> **What is being asked**
Retype word for word the stretch of entries below from the line that has "Factory Price 24W" through the line that has "les communes voisines", and omit the pictures.

> **Given records**
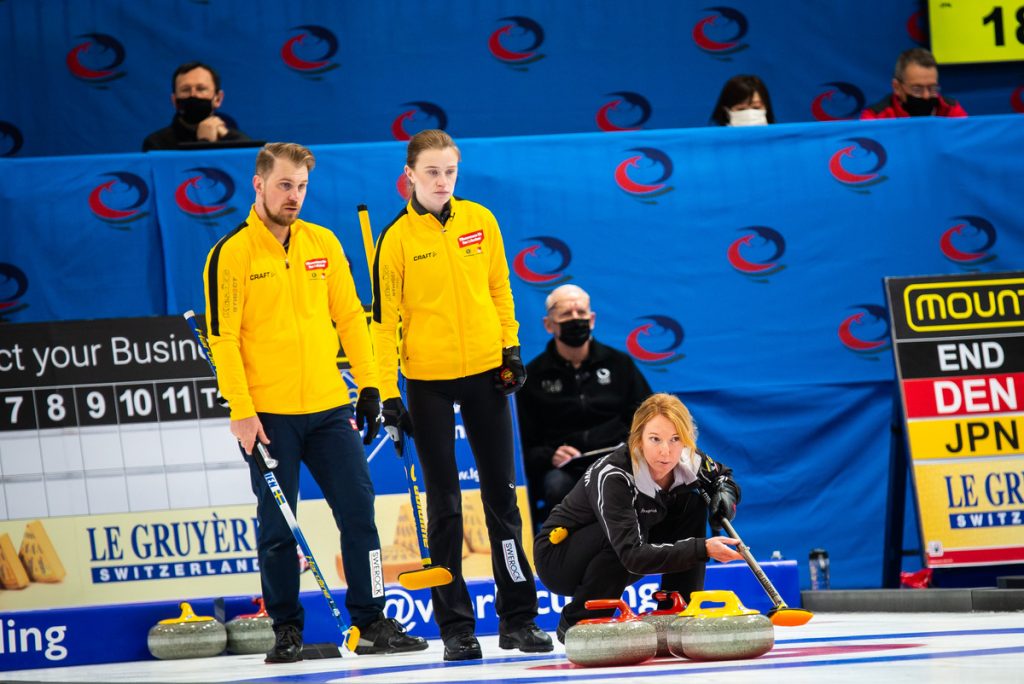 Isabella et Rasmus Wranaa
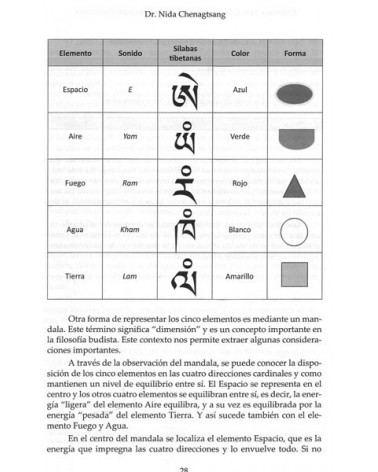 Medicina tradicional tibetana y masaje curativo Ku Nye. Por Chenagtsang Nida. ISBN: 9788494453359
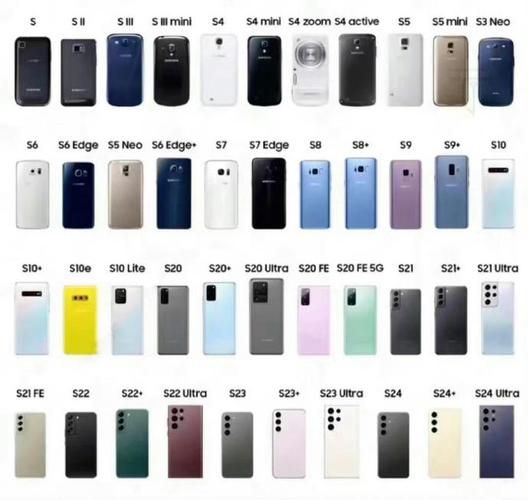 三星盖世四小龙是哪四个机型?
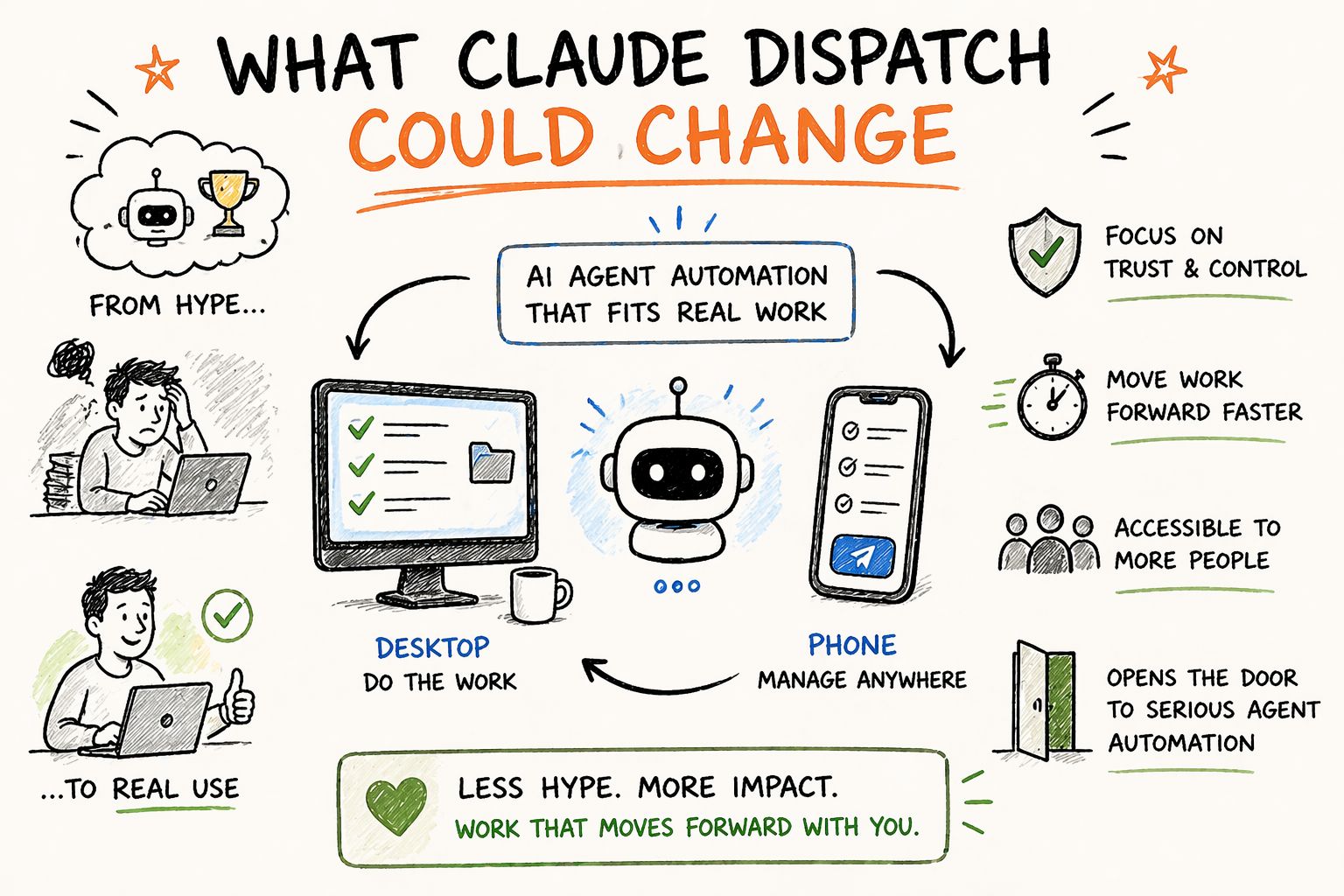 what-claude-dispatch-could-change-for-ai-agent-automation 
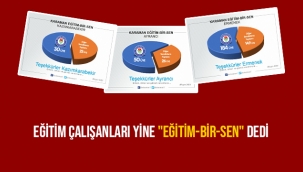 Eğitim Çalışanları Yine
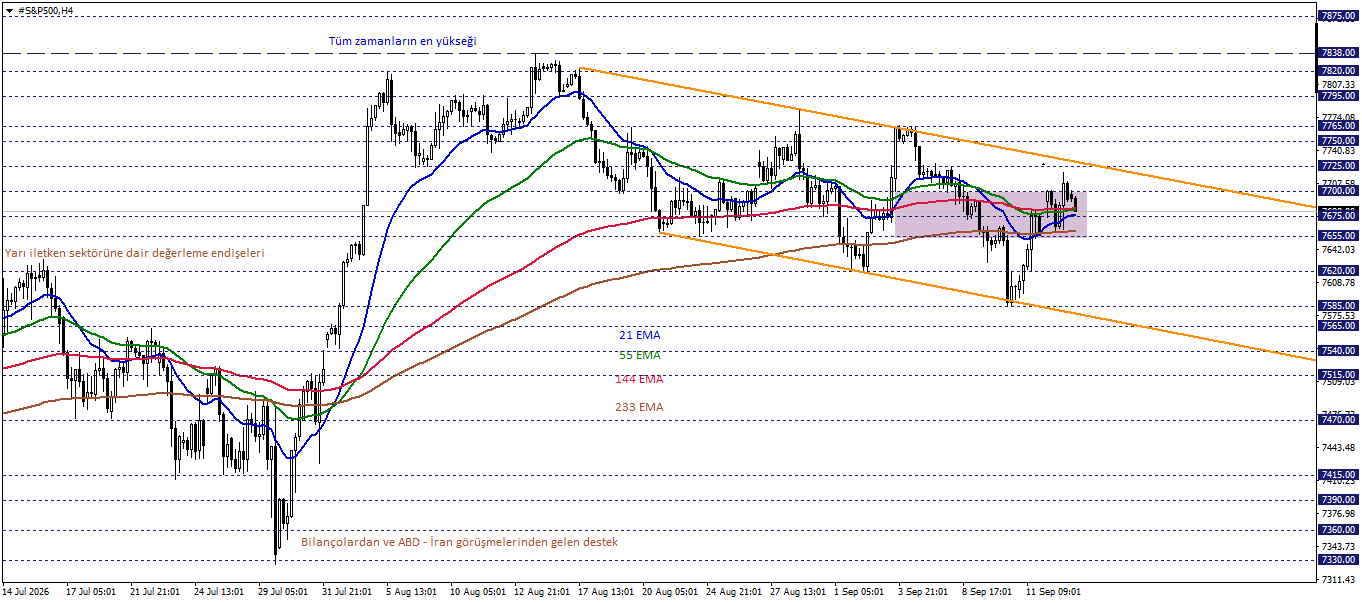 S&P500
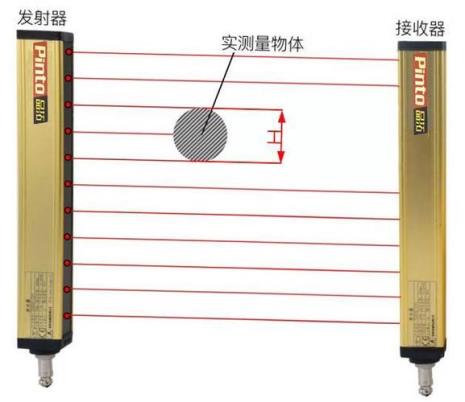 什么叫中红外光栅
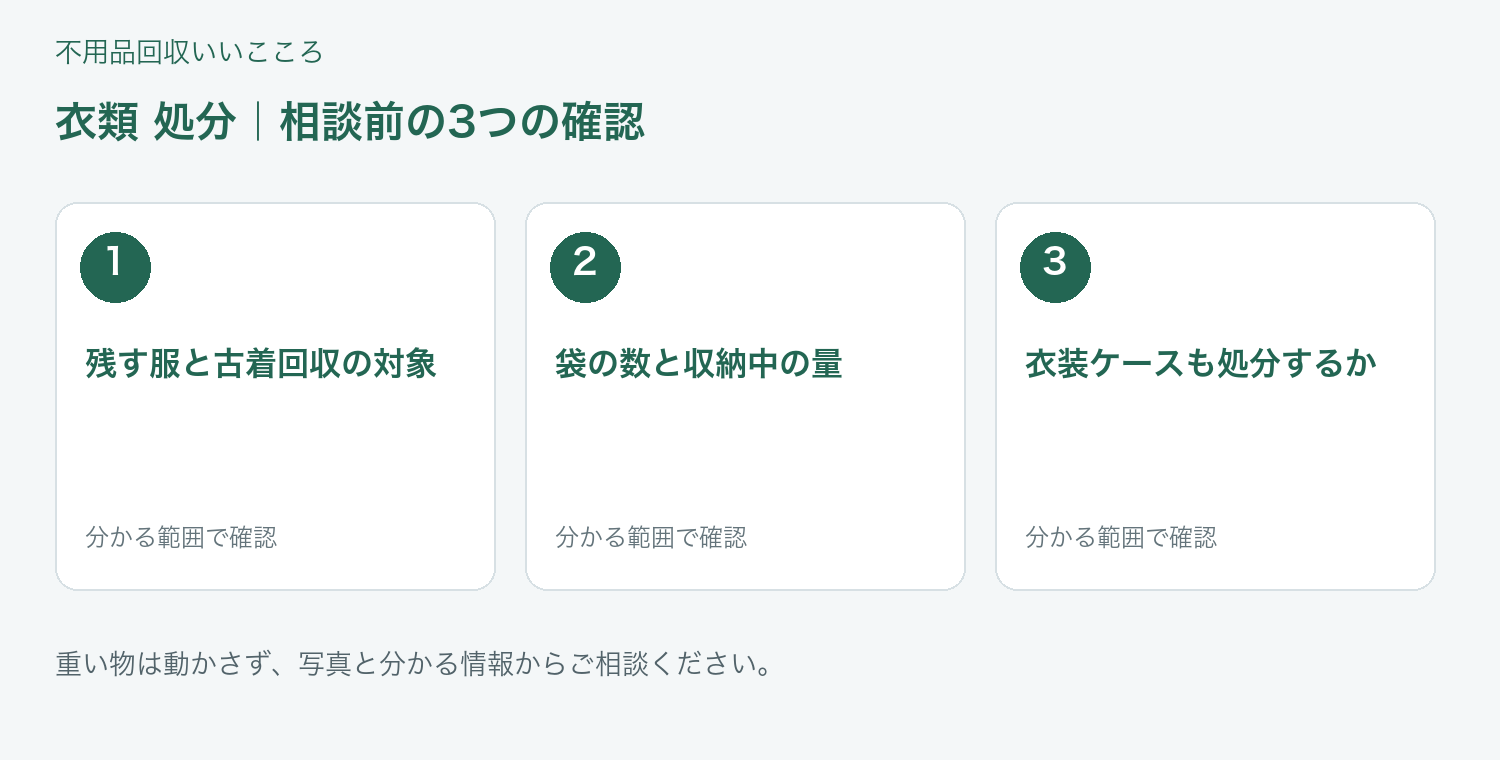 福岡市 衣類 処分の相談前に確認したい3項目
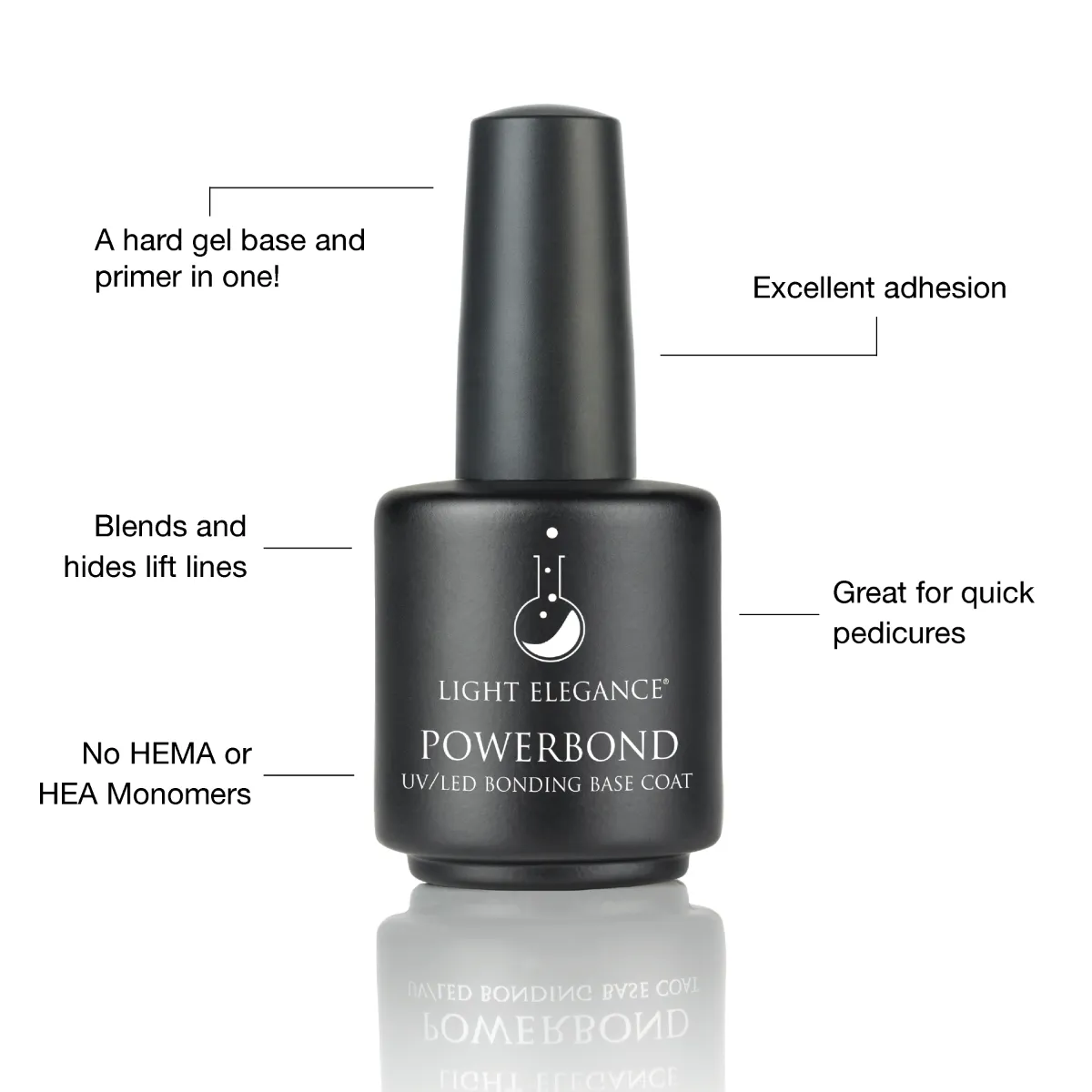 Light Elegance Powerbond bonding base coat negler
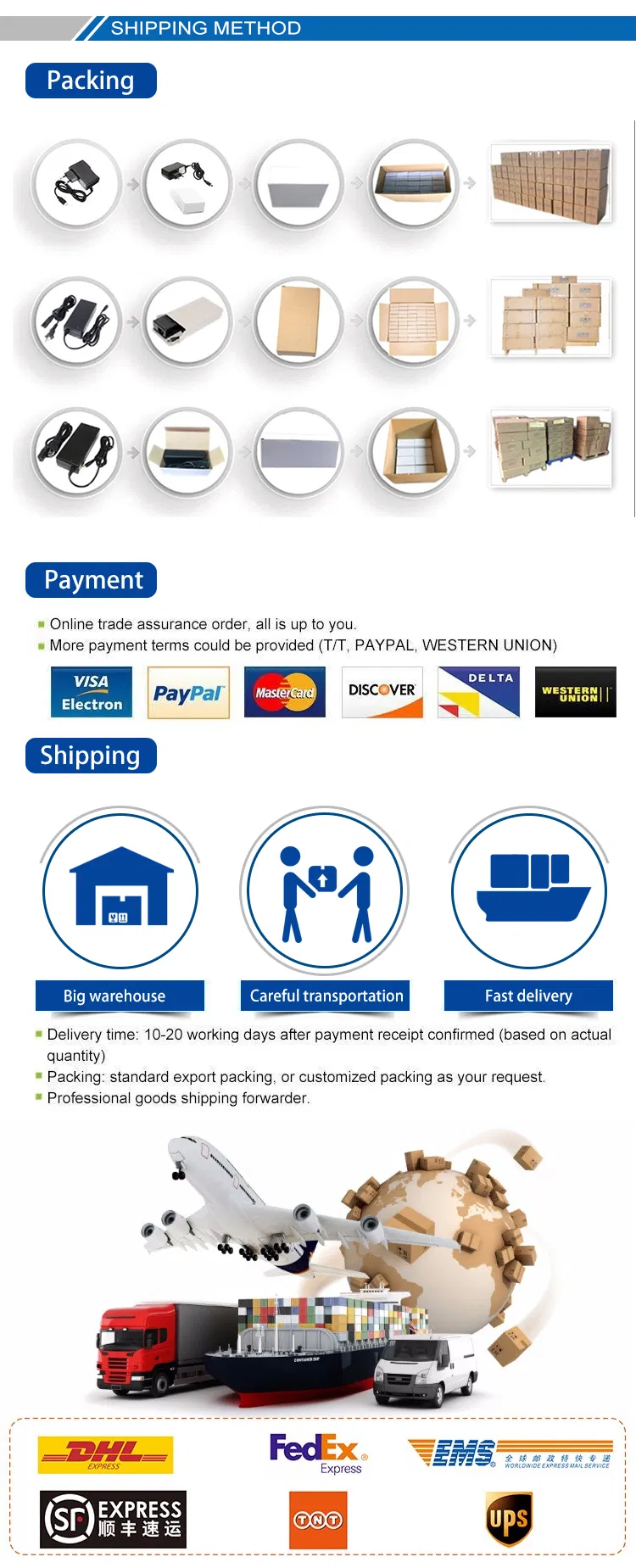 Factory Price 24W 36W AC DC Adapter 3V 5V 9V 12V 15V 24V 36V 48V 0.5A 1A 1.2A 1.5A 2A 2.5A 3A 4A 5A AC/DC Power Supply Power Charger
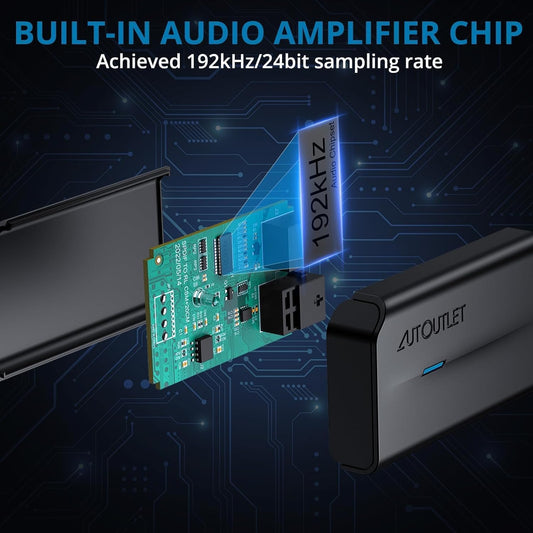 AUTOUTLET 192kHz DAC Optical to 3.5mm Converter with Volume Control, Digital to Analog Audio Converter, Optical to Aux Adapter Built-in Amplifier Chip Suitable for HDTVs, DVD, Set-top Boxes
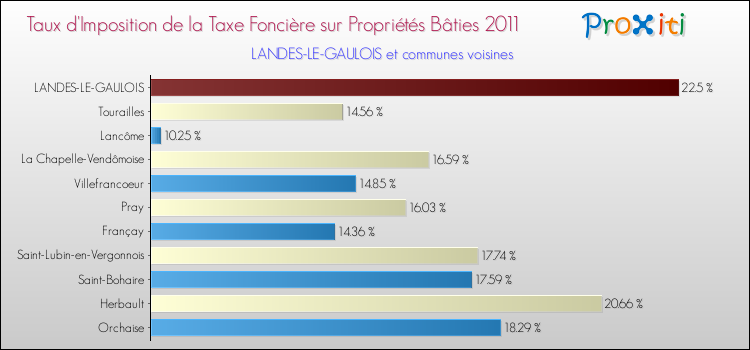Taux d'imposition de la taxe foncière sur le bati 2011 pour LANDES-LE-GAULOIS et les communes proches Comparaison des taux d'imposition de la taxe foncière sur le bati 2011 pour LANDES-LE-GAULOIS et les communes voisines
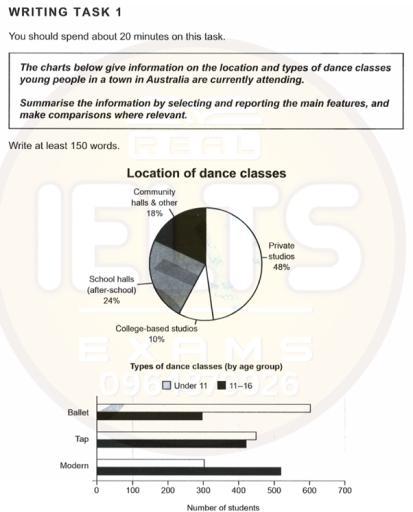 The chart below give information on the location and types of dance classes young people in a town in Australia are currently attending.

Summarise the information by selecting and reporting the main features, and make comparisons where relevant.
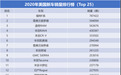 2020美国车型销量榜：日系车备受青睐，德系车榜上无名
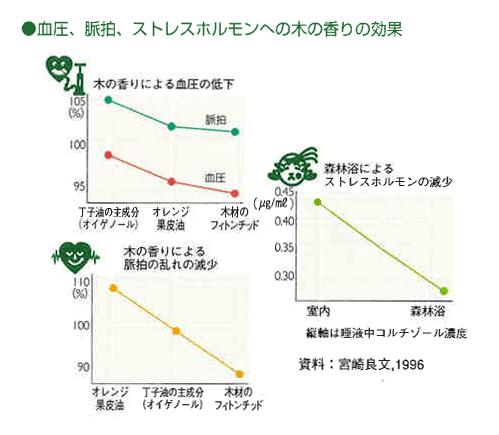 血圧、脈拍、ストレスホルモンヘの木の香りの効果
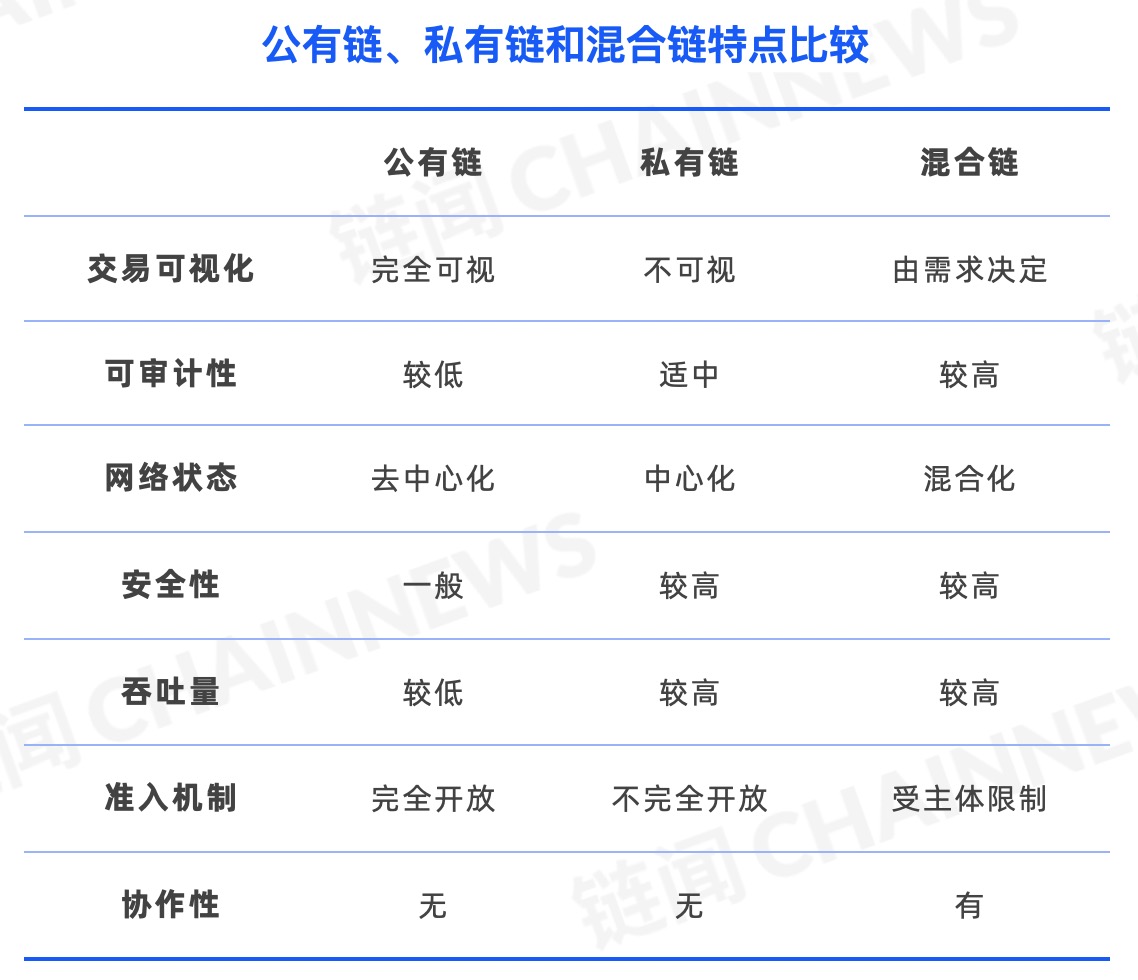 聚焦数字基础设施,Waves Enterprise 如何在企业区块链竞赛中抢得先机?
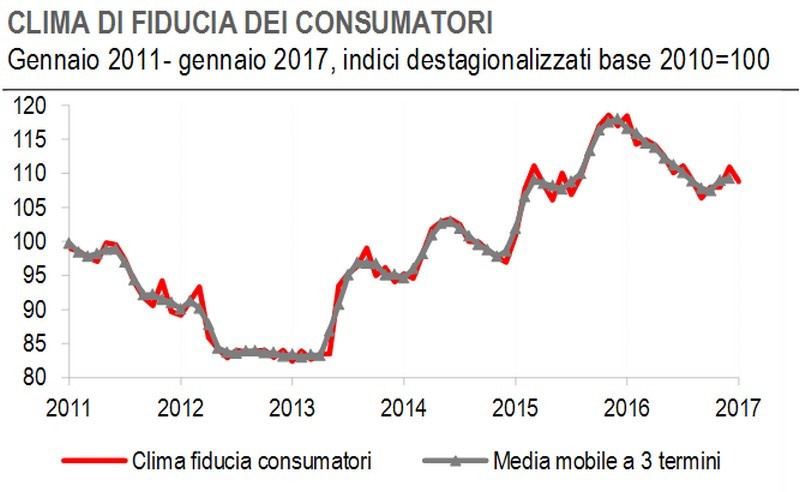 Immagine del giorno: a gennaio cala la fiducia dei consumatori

> **Answer space**
 Factory Price 24W 36W AC DC Adapter 3V 5V 9V 12V 15V 24V 36V 48V 0.5A 1A 1.2A 1.5A 2A 2.5A 3A 4A 5A AC/DC Power Supply Power Charger
 AUTOUTLET 192kHz DAC Optical to 3.5mm Converter with Volume Control, Digital to Analog Audio Converter, Optical to Aux Adapter Built-in Amplifier Chip Suitable for HDTVs, DVD, Set-top Boxes
Taux d'imposition de la taxe foncière sur le bati 2011 pour LANDES-LE-GAULOIS et les communes proches Comparaison des taux d'imposition de la taxe foncière sur le bati 2011 pour LANDES-LE-GAULOIS et les communes voisines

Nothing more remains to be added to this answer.